Truth is – for the past four years, AI has been virtually sleeping over ICPA’s demands. Since May 1, 2007 – when the IA & AI merger was signed, and the National Aviation Company of India Ltd., NACIL was born – pilots of the erstwhile IA have been pleading for pay parity. According to the Chief Labour Commissioner’s (CLC) report on the failure of the reconciliation talks that led to the ongoing pilots’ strike, the airline management turned down the pilots’ demand for fixed flying hours and layover allowance. ICPA had demanded a fixed allowance for 75 flying hours a month and also sought a monthly layover allowance, which covers expenses incurred by a pilot in a foreign city between flights, of $1,600 for commanders and $1,300 for co-pilots for operating international flights. “The ICPA representative stated that despite giving repeated assurances, commitments to the union and CLC in past proceedings with definite deadlines, the management has repeatedly failed to present any concrete proposal on pay parity [with colleagues in the pre-merger AI],” the report said. In fact, the ICPA General Secretary Rishabh Kapur has claimed that AI is not actually making losses and demanded a CBI enquiry into what he called were corruption cases in the airline. [He may be right. But actually, airlines around the world made total losses of $9 billion in 2009 and another $2.8 billion in 2010 (as per IATA)]. ICPA leaders have also alleged that the AI management wants it to go belly up so that its huge assets can be sold at dirt prices. Whatever be the excuses, the allegations & the cross-allegations – truth is, mismanagement at AI is not a fact unknown. Illogical expansions, an untimely merger (just before the downturn), a book of account saddled with debt of Rs.400 billion & Rs.130 billion in accumulated losses – these are “big” signs of trouble.

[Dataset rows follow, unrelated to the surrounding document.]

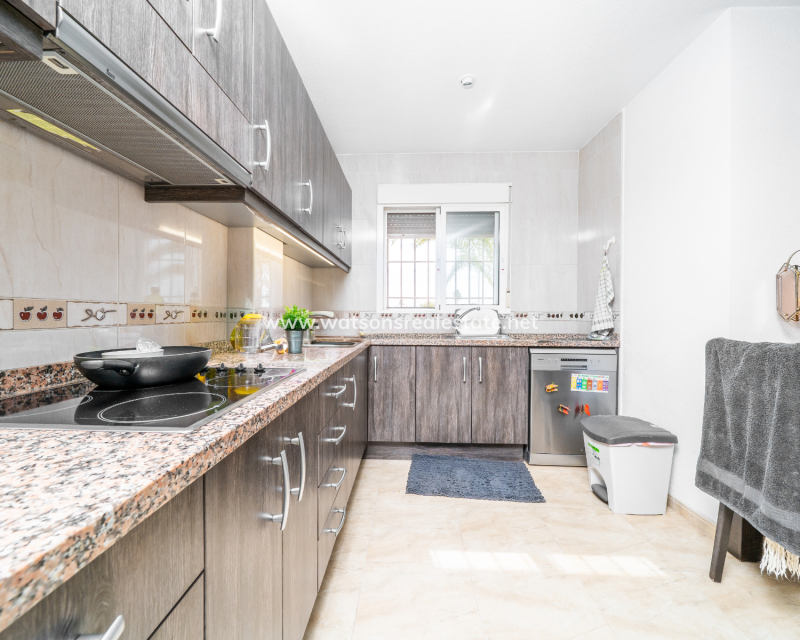 Resale - Fristaende Villa - Urb. La Marina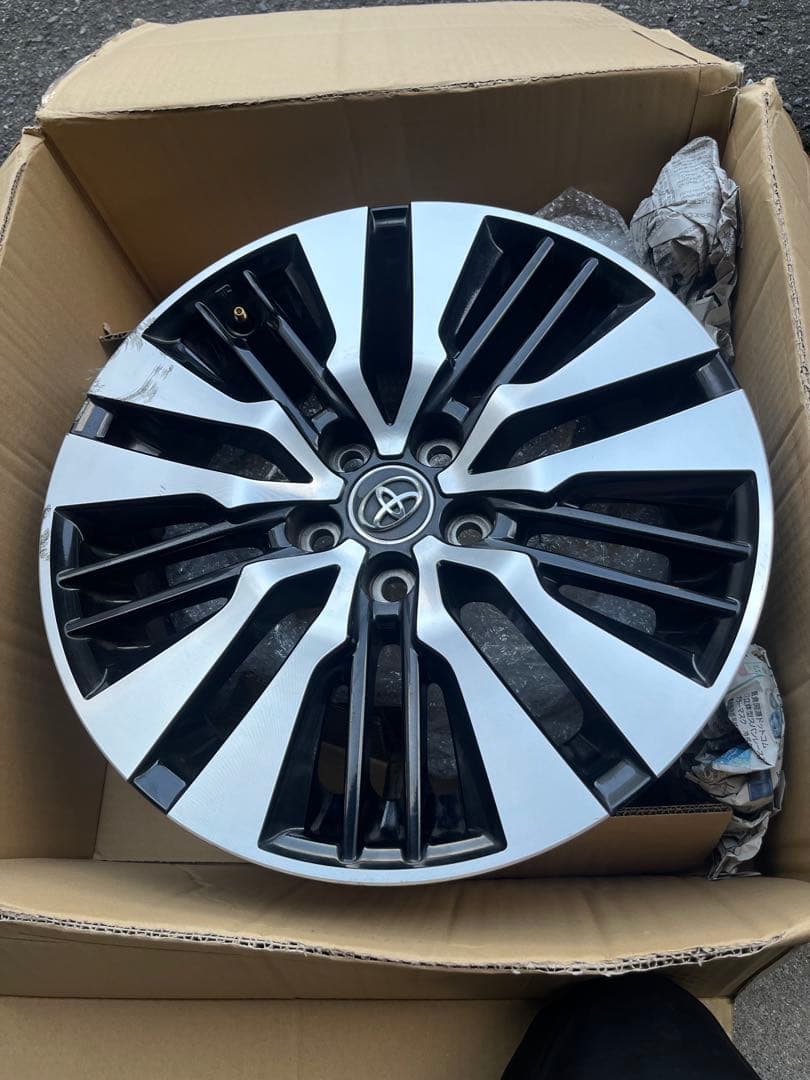 【1本】アルファード　30後期　18インチ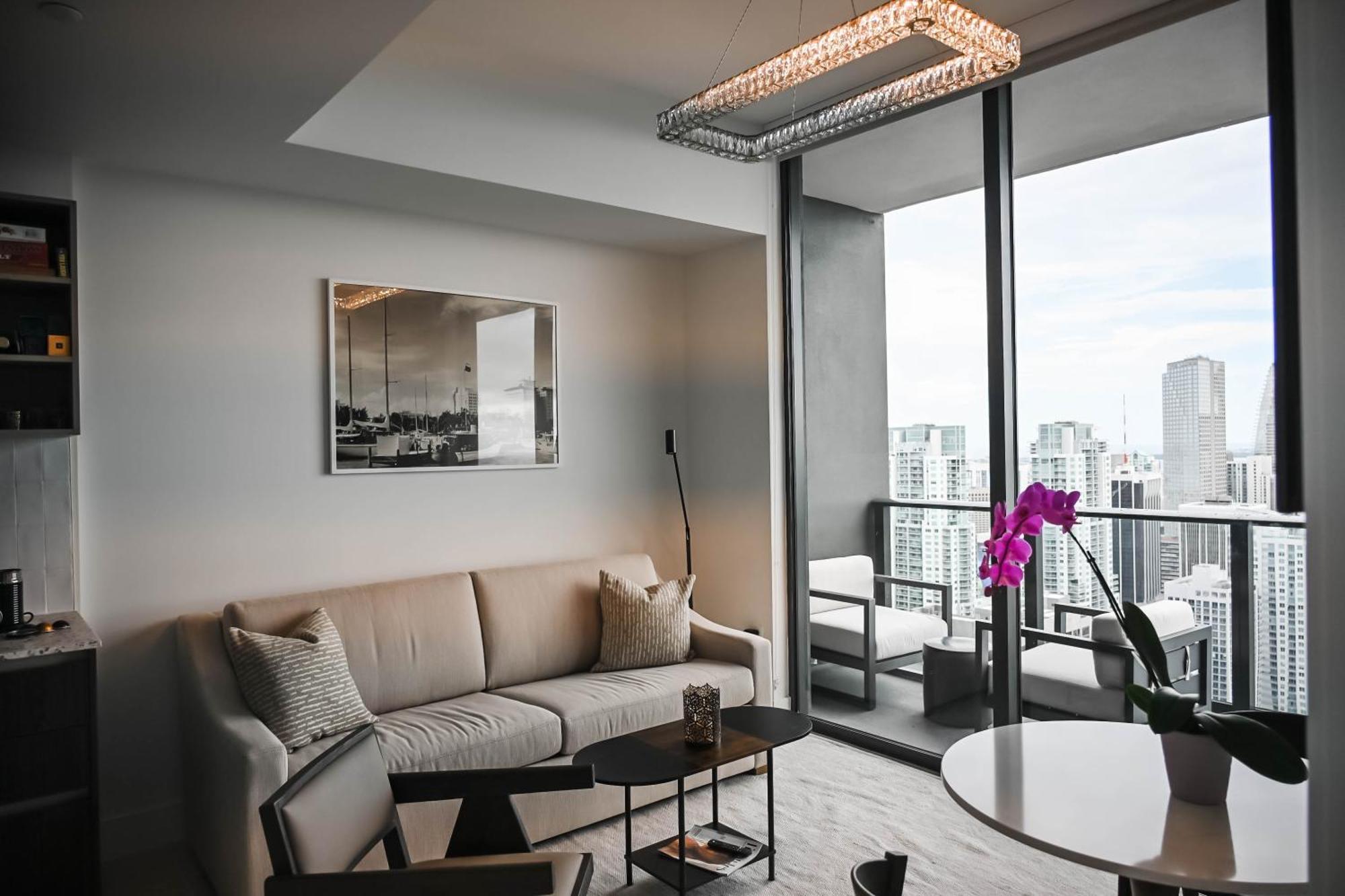 Magic Penthouse Balcony Ocean View, Pool Resort, Spa, Heart Of Apartment *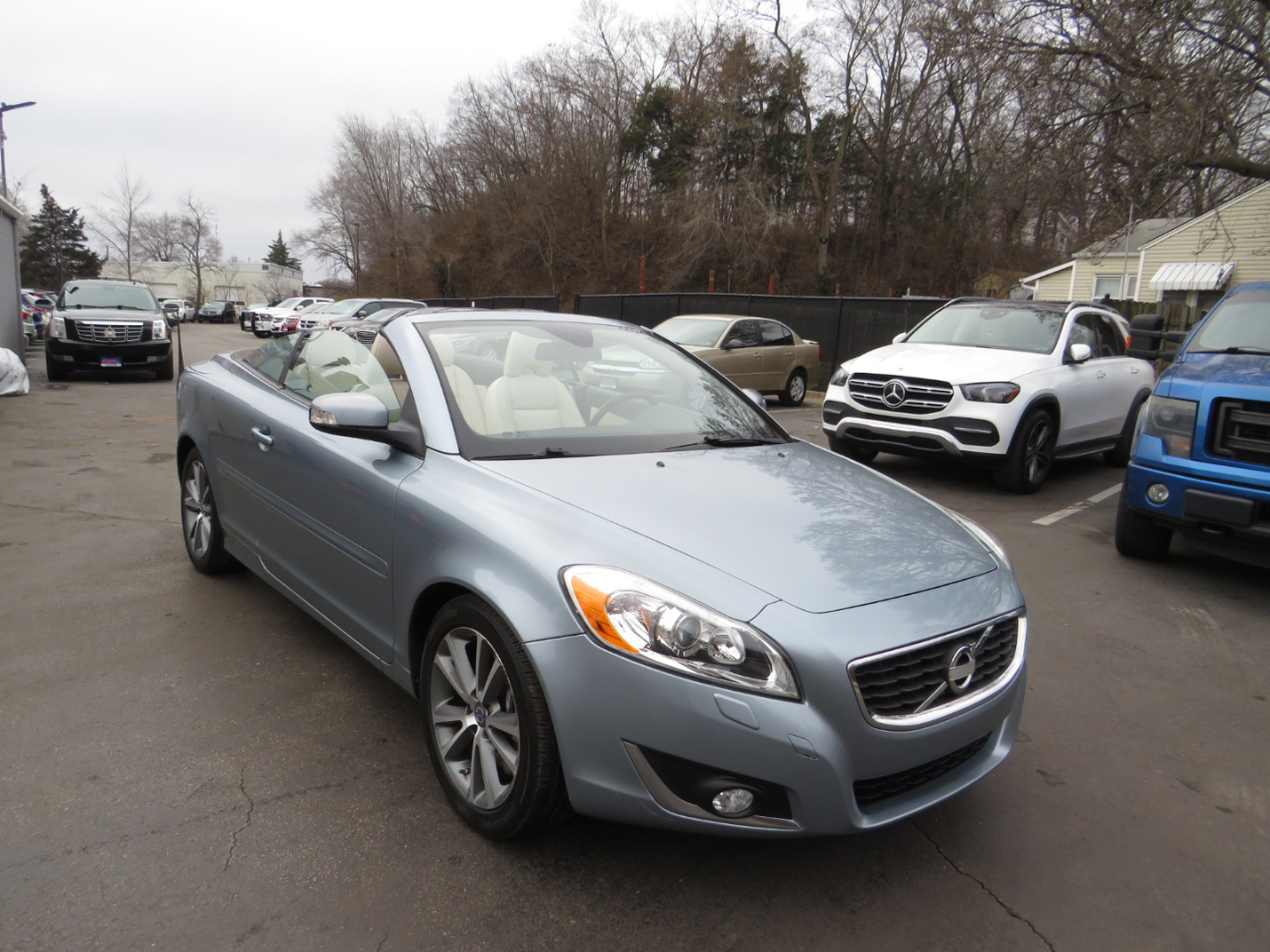 Volvo C70 2dr Conv T5 2013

The fact that the Delhi High Court was forced to intervene (it gave an order to the pilots to withdraw the strike, and also issued contempt notices upon non-compliance), is proof enough that the strike did put the flying public through great inconvenience. Where AI however deserves praise is the manner in which it firmly handled the pilot’s union. It initially derecognised the union for causing the disruption in service and fired its nine leaders from service (six were sacked on April 27 and three more by April 30). It was probably for the first time that the AI management took a sensible decision. But the government’s action spoilt the game. As per company sources, the AI management gave in only after the civil aviation ministry intervened. On May 3, 2011, Civil Aviation Minister Vayalar Ravi had said, “If the agitating pilots of Air India call off their strike, the airline management will take back the pilots who were terminated.” So were they taken back? Yes. But besides taking the trouble makers back, even their union was re-recognised.